Filed Under: Kiezers en publieke opinie Tagged With: euroscepsis, Populisme, radicaal-rechts

Zijn sociale media nou goed of slecht voor populisten?

door Kristof Jacobs 21/10/2016 5 Reacties

Donald Trump wordt gezien als een Twitter-koning.[1] Op 18 februari, toen de voorverkiezingen nog volop gaande waren, schreef Amanda Hess voor het online magazine Slate een 11 pagina’s lang stuk over “How Trump wins Twitter”. Ook onze eigen Geert Wilders is heer en meester op Twitter. Op basis van deze prominente populistische Twitteraars wordt meestal de conclusie getrokken dat sociale media goed zijn voor populisten.

Maar is dat wel zo? Twitter heeft duidelijk ook nadelen voor iemand als Trump. Het Twittergebruik van Trump is vaak impulsief – iets wat hem verweten werd in het eerste presidentiële debat. Het online magazine Vox noemde zijn Twitter-optredens het begin van het einde. Ook een Twitter-rel tussen de (vroegere) kopstukken van de Belgische partij Vlaams Belang geeft aan dat de relatie tussen populisten en sociale media niet altijd positief is. Zijn sociale media goed of slecht voor populisten?

De kern van dit blog is dat sociale media een zegen en een vloek zijn voor populisten. Het medium is als instrument deels in hun voordeel, maar het brengt duidelijk ook gevaren met zich mee. Tijd dus om wat genuanceerder om te gaan met dit onderwerp.

Sociale media zijn snel en ongefilterd

Sociale media hebben enkele unieke eigenschappen (zie bv. dit stuk, of dit boek). Om een antwoord te geven op de vraag of populisten gebaat zijn met sociale media-gebruik zijn er twee eigenschappen in het bijzonder die relevant zijn.

Eigenschap 1. Sociale media zijn snel. Op sociale media kan je snel veel mensen bereiken. Vooral als je een schare trouwe en actieve volgers hebt, kunnen berichten gemakkelijk een sneeuwbaleffect teweeg brengen en de tijdslijnen van vele gebruikers overspoelen.

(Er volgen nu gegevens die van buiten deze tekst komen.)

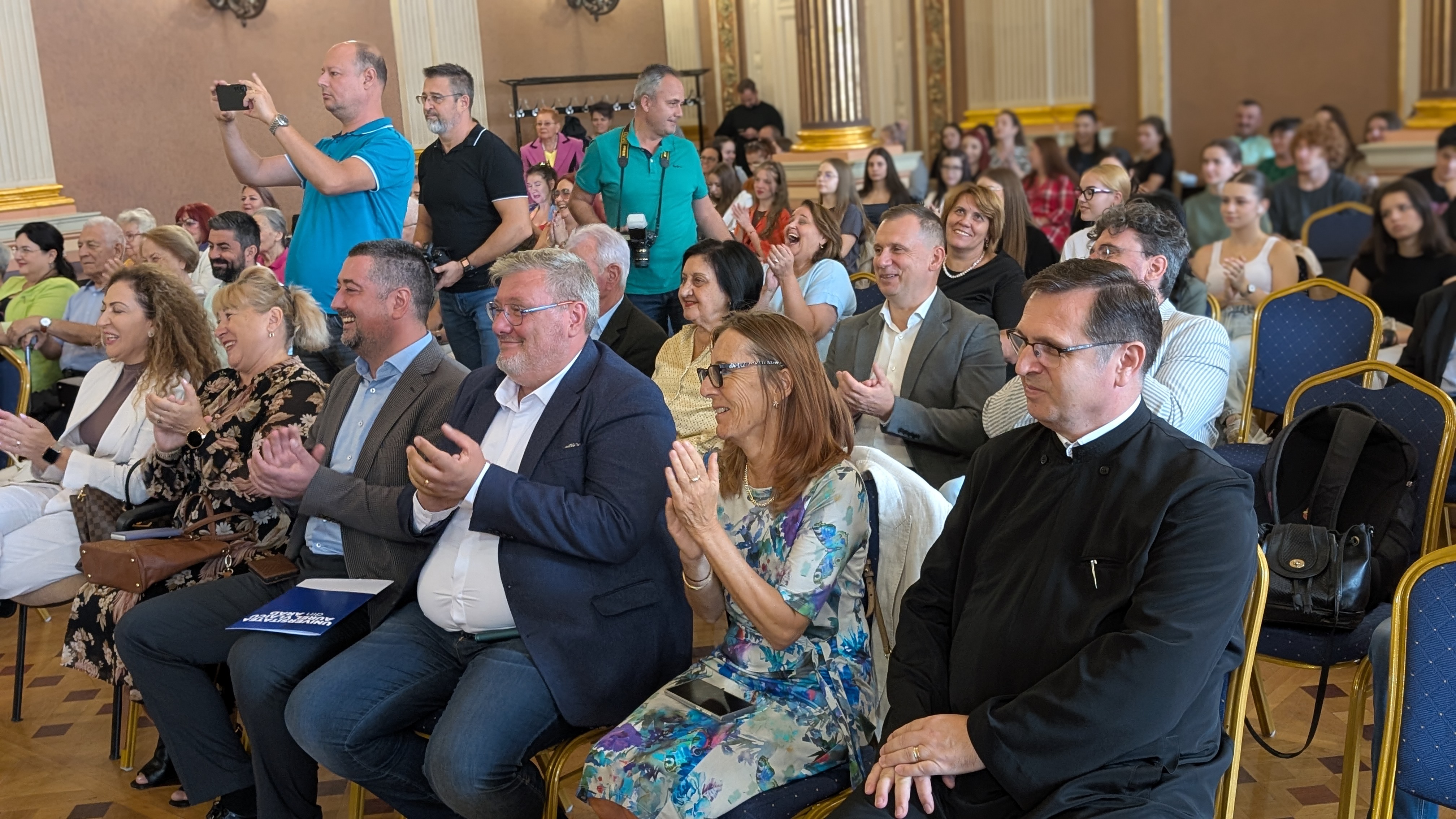 PXL_20250924_080143643.PORTRAIT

Eigenschap 2. Sociale media zijn ongefilterd. In tegenstelling tot traditionele massamedia ben je als politicus niet afhankelijk van een journalist die uiteindelijk je woorden ‘uit de context kan rukken’ of die je verkeerd kan citeren. Op sociale media kunnen politici hun verhaal ongefilterd (of ongezouten zoals sommigen zeggen) hun mening verkondigen. Daardoor kan iedereen zien wat de politicus echt zei. Dit geldt overigens vooral voor Twitter, waar boodschappen in de regel publiek zijn.

Driemaal sociale media als zegen voor populisten

Populistische partijen hebben in de regel eerder radicale beleidsposities. Dit soort posities wordt vaak tegengehouden door de ‘filteraars’ (journalisten). De journalist stelt kritische vragen, legt een frame op het verhaal van de politicus of laat de politicus helemaal niet aan bod komen (een zogenaamd media cordon sanitaire). Kortom, politici met een radicalere mening hebben op dit punt meer baat bij sociale media waar zij hun verhaal ongefilterd en ongezouten kwijt kunnen en waar niemand hen kan tegenhouden.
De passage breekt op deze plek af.